• [Excerpted data]
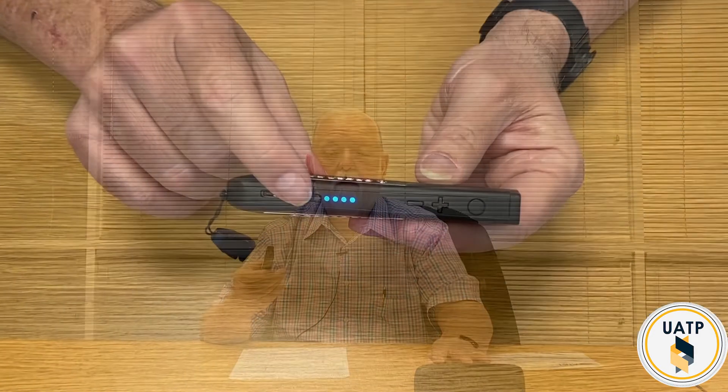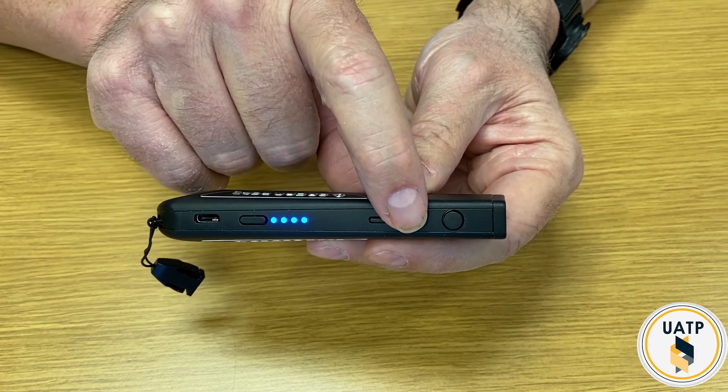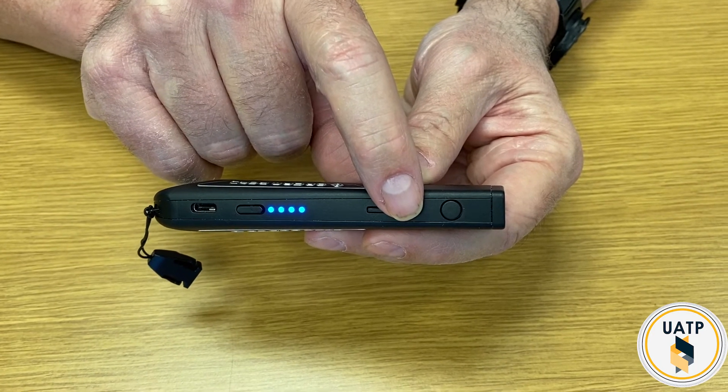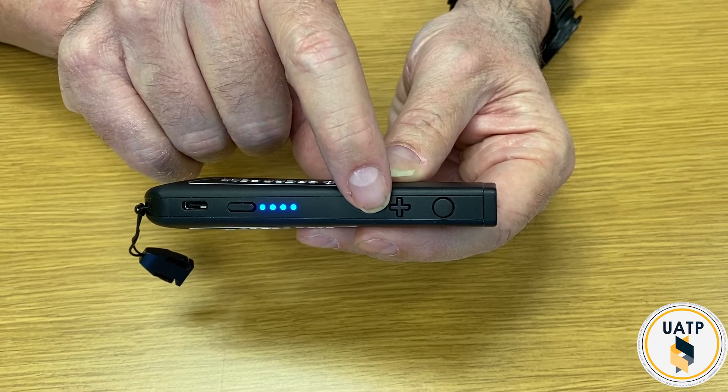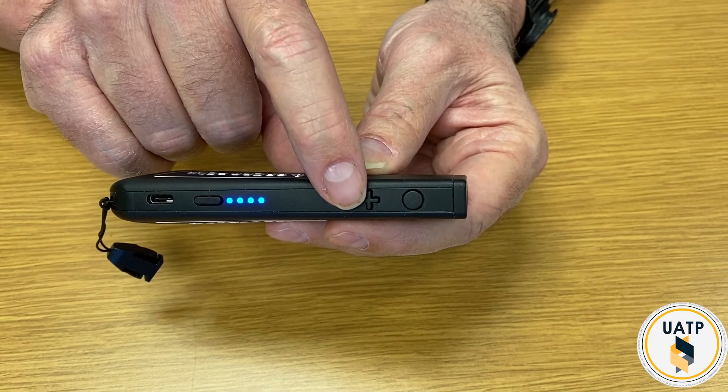This is a Bluetooth speaker I brought just because the volume on this device is not really loud — it's loud enough, but it might not be heard on the video. The power button is here. Moving this way, this is the minus button and the plus button, which can be used for volume. It's also used to navigate through documents and move through menu choices.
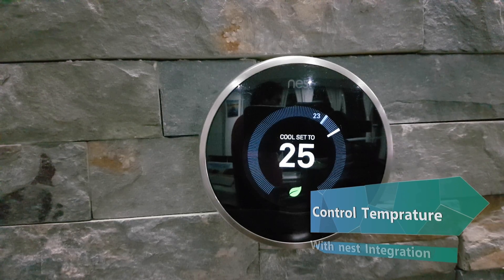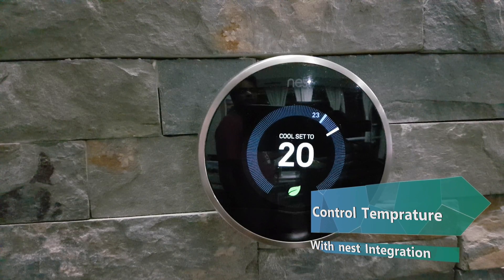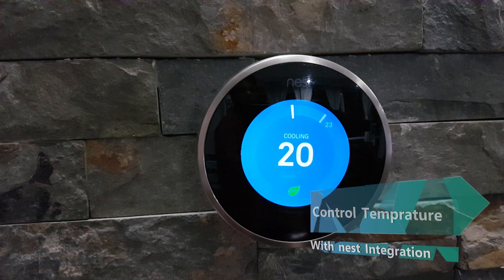Ok Google, set living room temperature to 20 degrees. Ok, setting the living room to 20 degrees.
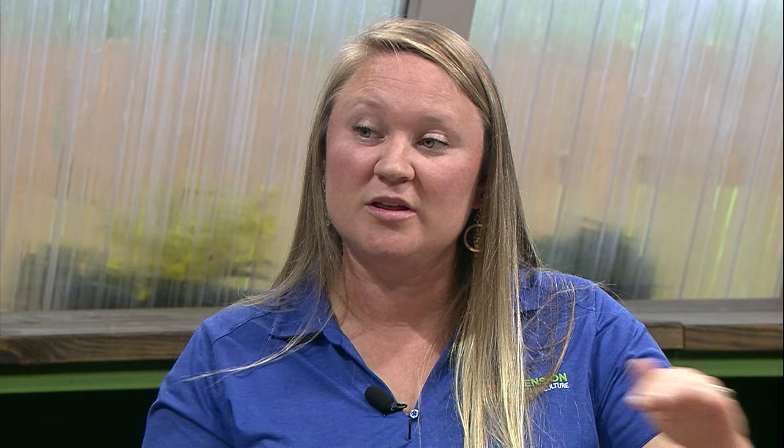You don't have to get real fancy with it. Floating row covers can rest on the tops of the plants and can move as the plant grows, so you don't have to have hoops or a lot of things to make this work. You just need the floating row cover and something to secure it along the lengths and ends of your growing area.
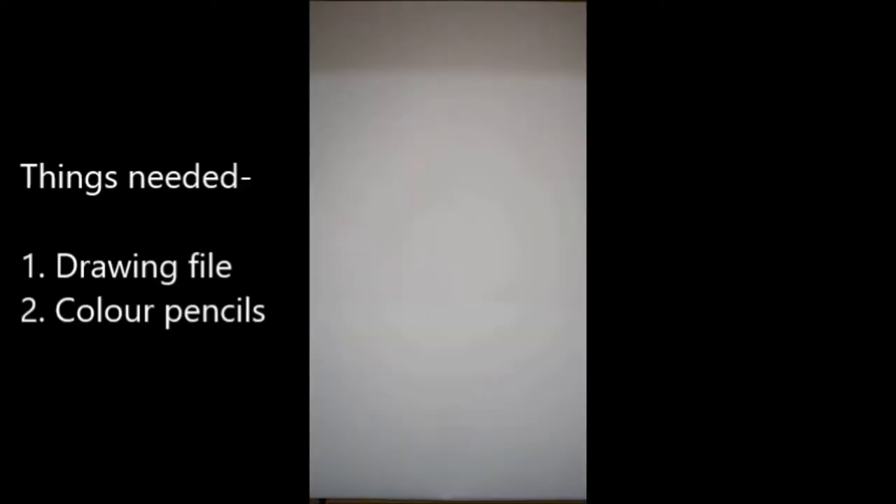Good morning, dear parents and children! How are you all? Today is Fairness Day and it's your art activity day. Anam Tamam is going to teach you how to trace your hand. Today we will trace our hand and then make some patterns.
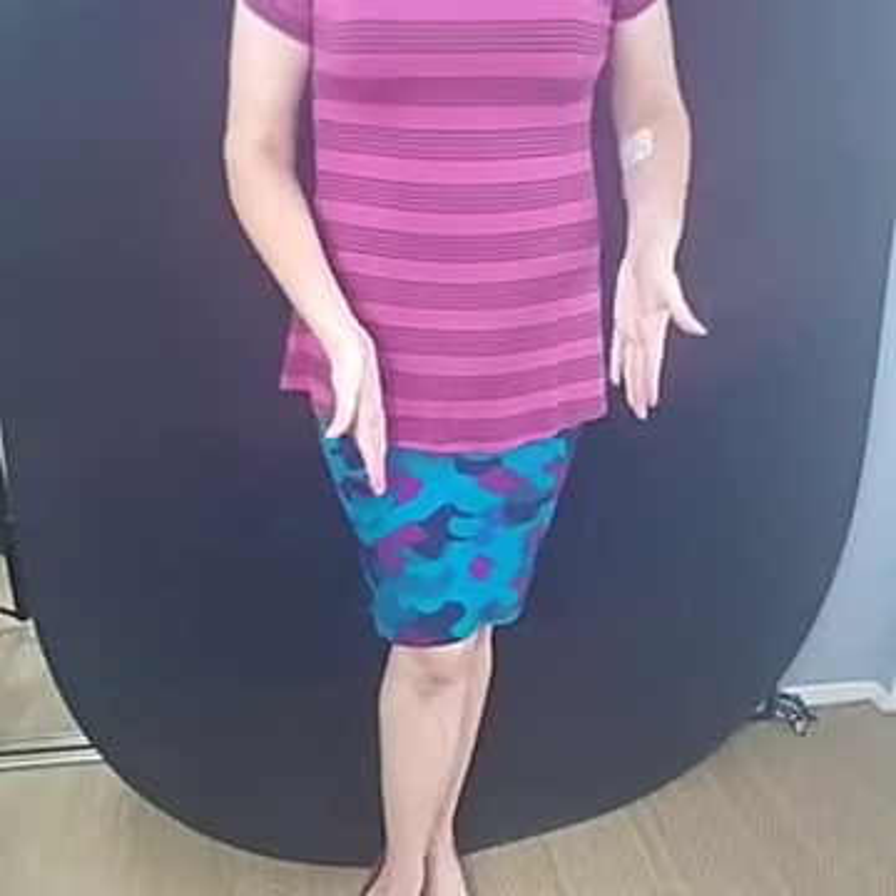This tip is going to be great for all body types. It's mostly for ladies, but I'm sure there's someone out there who wants to know how to bevel too. I'm going to back up a little bit and leave my black screen back there so you can totally see what we're going to talk about today.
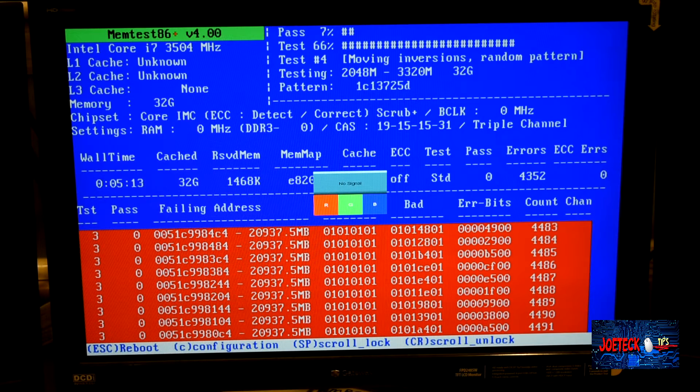My machine has been doing some funky things, so I decided to do a memory test, and this is what I found.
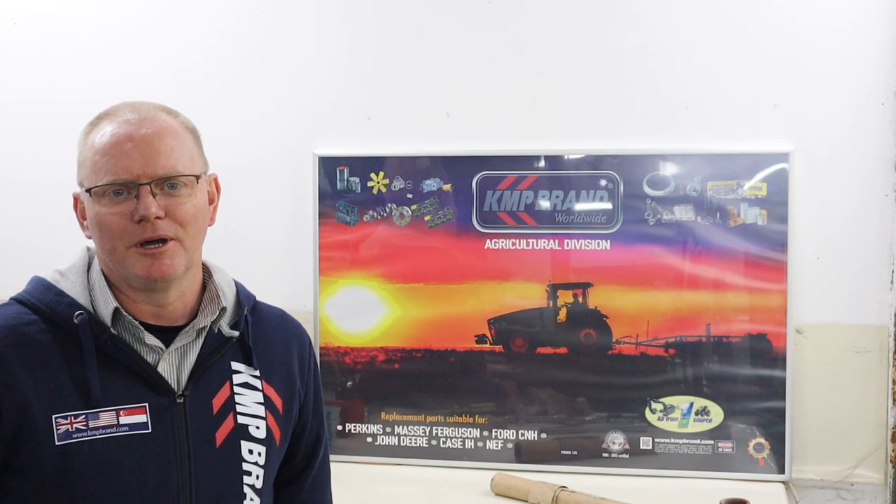Hi everyone, welcome back to Waterhouse Ford. Welcome to the second video with KMP Brand as our sponsor. Hopefully you've seen our previous video where we told you all about that — KMP Brand is the new name for Angler Agriparts, and of course we welcome them to the channel.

• [Exercise prompt]
Output every record above exactly as written, but skip the pictures.

• [Result]
This is a Bluetooth speaker I brought just because the volume on this device is not really loud — it's loud enough, but it might not be heard on the video. The power button is here. Moving this way, this is the minus button and the plus button, which can be used for volume. It's also used to navigate through documents and move through menu choices.
Ok Google, set living room temperature to 20 degrees. Ok, setting the living room to 20 degrees.
You don't have to get real fancy with it. Floating row covers can rest on the tops of the plants and can move as the plant grows, so you don't have to have hoops or a lot of things to make this work. You just need the floating row cover and something to secure it along the lengths and ends of your growing area.
Good morning, dear parents and children! How are you all? Today is Fairness Day and it's your art activity day. Anam Tamam is going to teach you how to trace your hand. Today we will trace our hand and then make some patterns.
This tip is going to be great for all body types. It's mostly for ladies, but I'm sure there's someone out there who wants to know how to bevel too. I'm going to back up a little bit and leave my black screen back there so you can totally see what we're going to talk about today.
My machine has been doing some funky things, so I decided to do a memory test, and this is what I found.
Hi everyone, welcome back to Waterhouse Ford. Welcome to the second video with KMP Brand as our sponsor. Hopefully you've seen our previous video where we told you all about that — KMP Brand is the new name for Angler Agriparts, and of course we welcome them to the channel.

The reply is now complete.